Snatched waists, icy gold chains, furs, and the occasional twerk from a group of aunties, (they turned BET Experience into a millennial’s version of Girls Trip); featured fashions from the night resembled one of Cardi’s promotional shots for her Fashion Nova campaign. The diverse composition of fans provided evidence about Cardi and City Girls longevity in hip hop, despite claims about the womxn rappers only be worthy of “15 minutes of fame.”

“Hit 'em with that wet wet, I put a ring on it for a check check,” Yung Miami started her twenty-minute set with a live performance of “Soakin Wet “with Atlanta-based rapper Marlo, as fans witnessed the City Girl demanded the stage, twelve days after her pregnancy announcement. Followed by a live performance of “Throw Fits,” a Bounce-inspired summer anthem with G-Eazy, who performed his verse alongside Miami, and gave her a hug, an acknowledgment from the Oakland rapper, who exited the stage, as murmurs of “Act Up” quietly thumped in the background. “Shout out my bad b***hes in b***h! Who got two phones; one for their suga daddy, and one for they shoota. Free JT, QC until I die,”

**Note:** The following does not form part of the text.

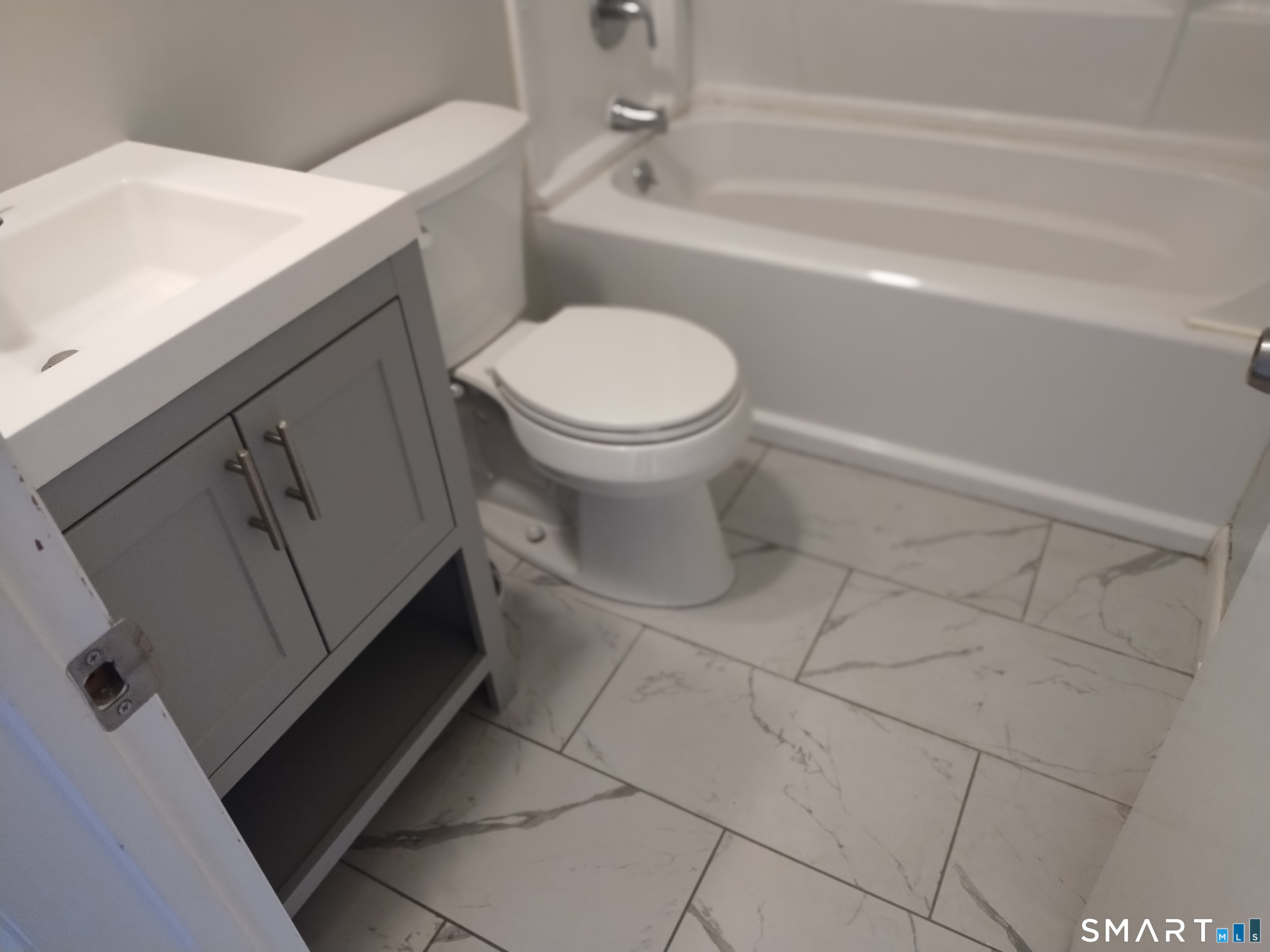 115 Short Beach Road, Unit 307 Stratford, CT 06615 - Photo 17 of 32 a bathroom with a toilet and a sink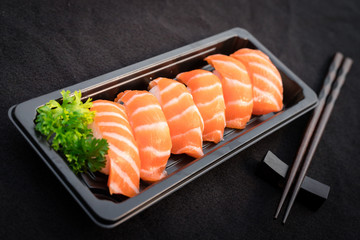 sashimi sliced peice serve in black plastic plate with chopstick on black tablecloth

Miami’s closing statements as she transitioned into the set’s closer, “Act Up.” Decked in a blue satin crop top, and high waisted tiger pants, Miami squashed rumors about her inability to rock the City Girls brand as an expecting mother with a “PERIODT,” and prepped the audience to secure their frontals for Cardi B’s headlining performance.

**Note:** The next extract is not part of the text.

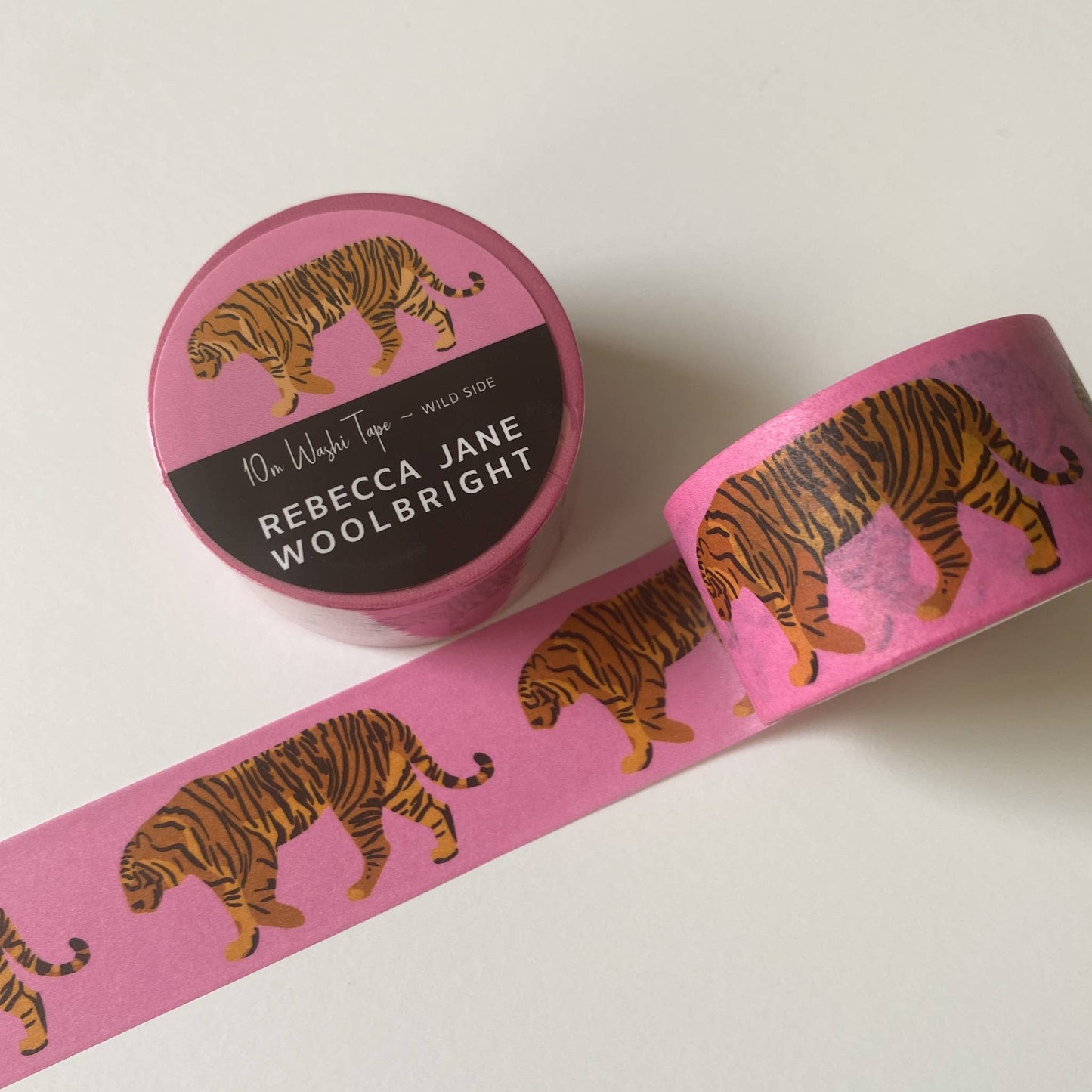 Roll of Wild Side Washi Tape showing bold tiger design on pink background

“I waited my whole life just to s**t on ni***s. Climbed to the top floor so I can spit on ni***s”, the Grammy award-winning rapper proclaimed her seat as one of the hardest working professionals in the game, among a packed stadium, and started her sixty minute set, with a South Bronx energy, that backed her up claims as “King of New York.” From pouring water on herself during “PRESS”, jumping on top of the stage’s speakers for “Money”, and an intermixed medley of throwing ass, twerking, and grinding on stage; her utilization of the stage is reflective of Cardi’s beginnings as a dancer, because every eye in the Staples Center were fixated on the rhythmic movements of Cardi on stage.

“This is for all the bad b***hes in the building. I did it for the bad b***hes, and you ugly a** b***hes too,” as she performed verses from charting singles, such as “No Limit,” “She Bad,” “Money Bag,” “Motorsport,” and “Thotiana.” A solo performance, Cardi’s presence engulfed the arena, and went non-stop in calling out haters in “Wish Wish.”

The self-described “ brightest motherfuckin star,” backed it up with, “All of that talk and I'm calling it out, Public opinions from private accounts, You not a check, then you gotta bounce” from "Clout," her collab with hubby Offset. 

Mixed throughout the set are essential comedic moments from the rapper, such as a little dance to her repeating “I ain’t going to jail. F**k you mean. I ain’t going to jail” after being charged with 14 counts, dancing like an auntie at the cookout to "Finesse," and camp-inspired moments of fake tears to emotional standbys, "Ring" and "Be Careful." The Cardi B experience closed with "Bodak Yellow," the second song to top Billboard Hot 100 since Ms. Lauryn Hill, is a Cinderella ending to Cardi’s show, a living testament to the rapper’s growth and development in the game, since its release date, two years ago.

In the beginning, music industry executives categorized hip hop as a short-lived phenomenon that scheduled to fade away as its content was too explicit and lacked the range to establish fan bases outside of the boroughs of New York. Similar to Cardi and Yung Miami, hip hop’s 15 minutes of fame will never be up, and thirty years in the future, attendees will still be playing the female rapper’s discographies at family cookouts, a testimony to Cardi and City Girls’ longevity.